Regina terlihat kaget mendengar omongan gue, lalu dia menggeleng. “Kalian nggak akan
ke Palembang.”
“Kenapa?” tanya gue nggak ngerti. Apa konser kami ditunda?
“Lo belum tahu?” tanya Regina. Gue menggeleng. “Semalam... waktu konser kalian, ada
penonton yang meninggal. Lalu... Polda Sumatera Selatan mencabut izin konser kalian di
Palembang hari ini.”
Kalau ada yang bilang dinosaurus hidup lagi pun, gue nggak bakal sekaget ini.
Semalam... ada penonton yang meninggal? Dan Skillful dilarang menggelar konser???
“Lo nggak bercanda, kan, Gin? Ini bukan lelucon karena gue bakal masuk MTV Gokil
atau apa, kan?”
Regina menggeleng. “Nggak, gue nggak bercanda. Gue juga baru tahu tadi, diberitahu
Asep. Katanya, tadi malam Bang Budy dihubungi utusan dari Polda Sumsel, yang
memberitahukan bahwa izin show kalian di Palembang untuk hari ini sudah dicabut. Demi
alasan keamanan, katanya. Nngg... kalian juga diimbau untuk nggak menggelar konser
sementara ini.”
“Tapi... kenapa?” tanya gue tergagap. Marah, kecewa, bingung, sedih, panik, frustrasi,
semuanya campur aduk di dalam diri gue. “Bukan maunya Skillful ada kerusuhan! Bukan
mau gue konser gue kacau! Gue juga kepingin konser yang tenang, yang nggak ada pukul-
pukulannya... lempar-lemparan batunya...”
“Gue tahu, Lan, gue tahu...” Regina menyuruh gue berbaring lagi, dan menyelimuti gue.
Tapi semua ini... demi kebaikan kalian juga, kan? Hanya sementara, sampai semuanya reda,
nggak selamanya kok...”
“Terus... penonton yang meninggal itu... gimana?”
“Gue nggak tahu. Asep cuma bilang gitu aja, tapi nggak kasih tahu meninggalnya
kenapa.”
Gue menghela napas dalam-dalam. Rasanya seisi dunia baru aja runtuh menimpa gue.
Kepala gue berputar dalam denyutnya, dan jantung gue berdebar kencang, serasa ingin keluar
dari rongganya. Larangan menggelar konser, walau untuk sementara, bagi gue sudah
merupakan akhir karier gue... Karier yang gue bangun dengan susah payah dari jadi penyanyi
kafe...
“Udah, jangan dipikirin dulu, Lan. Yang penting sekarang lo sehat dulu aja.” Regina
menepuk-nepuk bahu gue, lalu beranjak ke sofa di sudut ruangan, membaca majalah di sana.

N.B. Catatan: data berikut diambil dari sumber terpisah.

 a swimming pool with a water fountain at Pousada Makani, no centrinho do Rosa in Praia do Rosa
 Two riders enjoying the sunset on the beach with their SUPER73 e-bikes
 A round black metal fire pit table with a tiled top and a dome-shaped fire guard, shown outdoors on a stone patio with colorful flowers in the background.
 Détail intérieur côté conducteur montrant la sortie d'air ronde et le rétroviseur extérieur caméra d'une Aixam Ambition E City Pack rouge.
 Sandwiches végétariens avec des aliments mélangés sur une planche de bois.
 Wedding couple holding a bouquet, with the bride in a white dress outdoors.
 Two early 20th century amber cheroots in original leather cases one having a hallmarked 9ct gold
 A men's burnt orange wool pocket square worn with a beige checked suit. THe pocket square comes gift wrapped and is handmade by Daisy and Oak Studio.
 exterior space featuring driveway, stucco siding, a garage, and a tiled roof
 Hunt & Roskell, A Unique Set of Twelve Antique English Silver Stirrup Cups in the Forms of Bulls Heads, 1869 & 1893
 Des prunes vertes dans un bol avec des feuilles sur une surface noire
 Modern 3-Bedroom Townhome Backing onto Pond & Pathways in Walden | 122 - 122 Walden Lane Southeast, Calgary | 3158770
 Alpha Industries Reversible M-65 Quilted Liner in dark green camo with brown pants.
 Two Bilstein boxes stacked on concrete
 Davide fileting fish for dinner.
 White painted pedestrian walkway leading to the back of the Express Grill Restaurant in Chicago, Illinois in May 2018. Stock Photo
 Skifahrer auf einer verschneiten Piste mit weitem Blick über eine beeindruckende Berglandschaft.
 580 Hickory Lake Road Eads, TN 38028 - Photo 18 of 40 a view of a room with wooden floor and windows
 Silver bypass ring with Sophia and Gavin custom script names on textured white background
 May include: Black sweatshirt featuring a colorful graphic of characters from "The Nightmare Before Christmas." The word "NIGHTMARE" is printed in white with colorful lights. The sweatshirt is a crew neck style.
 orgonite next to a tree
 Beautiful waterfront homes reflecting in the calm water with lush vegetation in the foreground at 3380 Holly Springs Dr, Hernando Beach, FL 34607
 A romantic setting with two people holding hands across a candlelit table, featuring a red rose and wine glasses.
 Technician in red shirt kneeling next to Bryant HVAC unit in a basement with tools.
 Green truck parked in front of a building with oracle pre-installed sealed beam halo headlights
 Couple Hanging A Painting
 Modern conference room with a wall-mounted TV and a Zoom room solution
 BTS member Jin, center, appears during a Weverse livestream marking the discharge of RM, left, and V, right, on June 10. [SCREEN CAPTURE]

Kenapa Regina yang ada di sini merawat gue? Menenangkan gue? Kenapa bukan Alice?
Gue meraih HP gue dari nakas di samping tempat tidur, setengah berharap ada telepon
atau SMS dari Alice di sana, tapi ternyata sama sekali nggak ada...
“Gin...”
“Ya?”
“Lo nggak takut datang ke sini?”
“Kenapa harus takut?” tanyanya dengan kening mengernyit.